Over the course of the past two weeks I have realised that a tee-total, Virgin Mary drinker may well be the least welcome customer in many a Tavern around the world. It’s fiddly drink that needs to be made to suit personal tastes and yet, as it’s predominantly tomato juice, there is little scope for price inflation. There’s lots of value add from the Bar Staff, but little value creation from their perspective. The simple addition of a shot of vodka would increase the cost by approximately 400%.
I like to think this explains the unwelcoming glances I receive from the Bar Staff as I approach for my early evening aperitif. Perhaps I’m being paranoid, but I believe there is a certain reluctance as the (healthy) nibbles were handed over to accompany my drink. The addition of an occasional Gin & Tonic goes some way to re-dressing the balance, but in itself it doesn’t appear to fully make up for my deficiencies.
This holiday has been a little different from past experiences as far as the Nightlife is concerned. Rather than being Party Animals, racking up huge Bar bills and being a safe bet to be there when Last orders are called, we have been very subdued. Our evening entertainment has largely revolved around a nice meal and a family games of cards.

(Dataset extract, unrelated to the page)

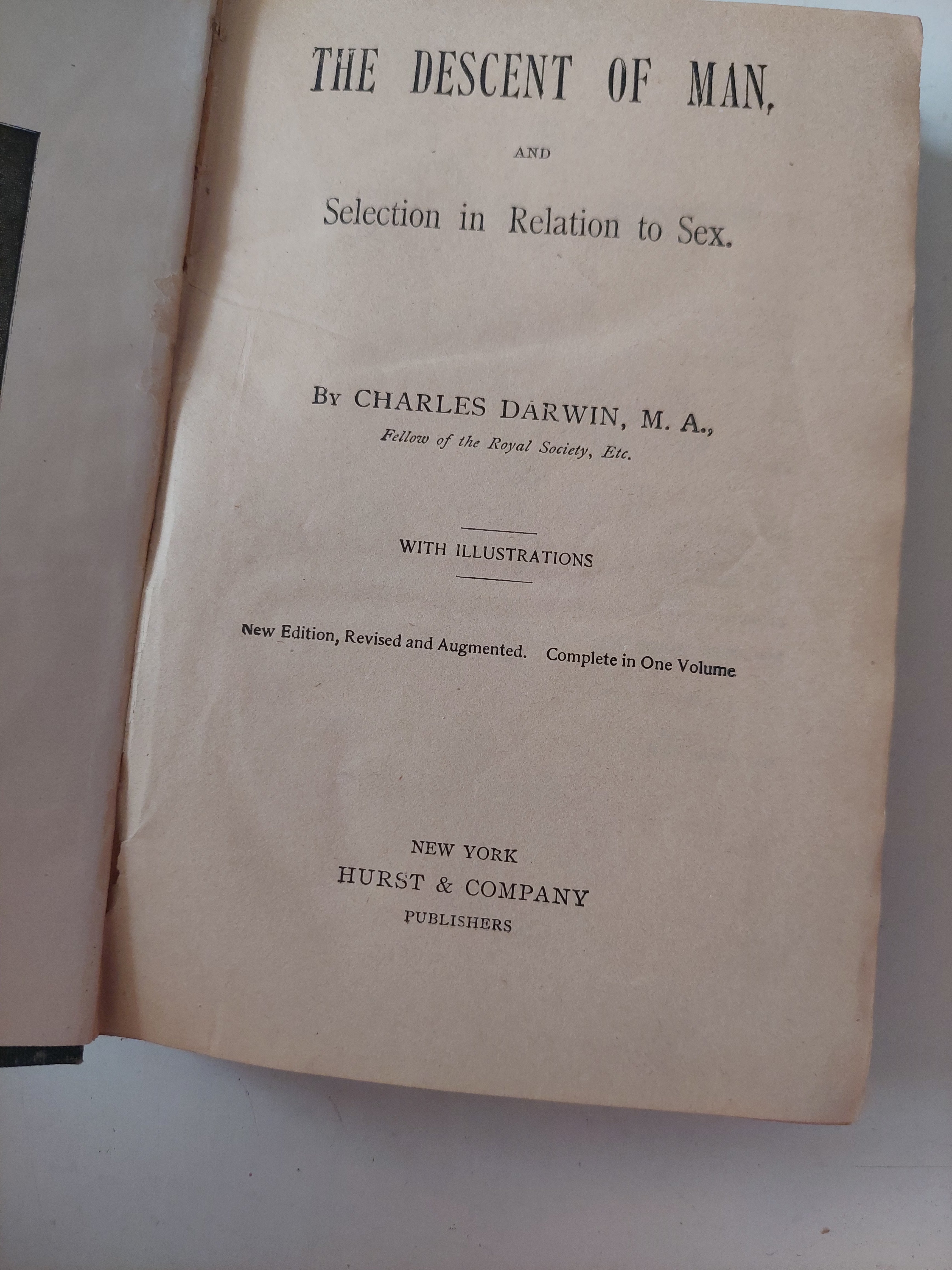 The descent of man and selection in relation to sex / Charles Darwin - هارد كفر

For me, a late night in the Bar loses it’s appeal somewhat without the allure of a cold beverage to help liven things up.

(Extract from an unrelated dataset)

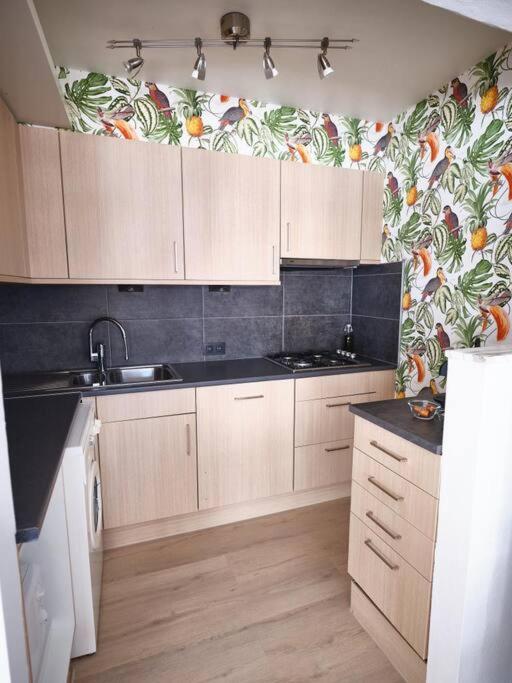 Hugo by the harbor, light-filled and centrally located apartment - free parking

We have even had to resort to deceit to maintain some level of social acceptability. Each evening we have ordered a bottle of wine with dinner… “two glasses please”. This may seem like a strange move given I’m not drinking, but having explored the options it seemed like the path of least resistance. My role has been to sit with a glass of wine in front of me throughout the meal, subtly switching with Louise from time to time to create the illusion of gradual consumption… the two of us sharing a nice bottle of wine, as civilised people do.
We’re pretty sure that most of the Waiters / Waitresses have cottoned on to our little deceit. Not that it makes a huge amount of difference to them, but to “us” it feels more acceptable. The next best option would be to order a small bottle of wine with one glass.
The question is, when does it become more socially acceptable to order a large bottle than to order multiple small bottles?
I’m inclined to think that at least ordering a large bottle shows you’re realistic about how much you’re likely to drink. You don’t have to drink it all (for the record, we have taken half a bottle to our room each evening to provide sustenance during the family card game), but it’s there of you fancy another little glass.
The flip side is that you order a little bottle, and then another, and perhaps another. Without an attentive Waitress you may end up with a collection of bottles lined up across your table… and no guarantee of anything to take back to your room for later.
We’re new to all this. Beverage etiquette has never really been a concern in the past. We used to work on the basis that you ordered a drink… you drank (and repeat as required). Another “new life” experience for us all!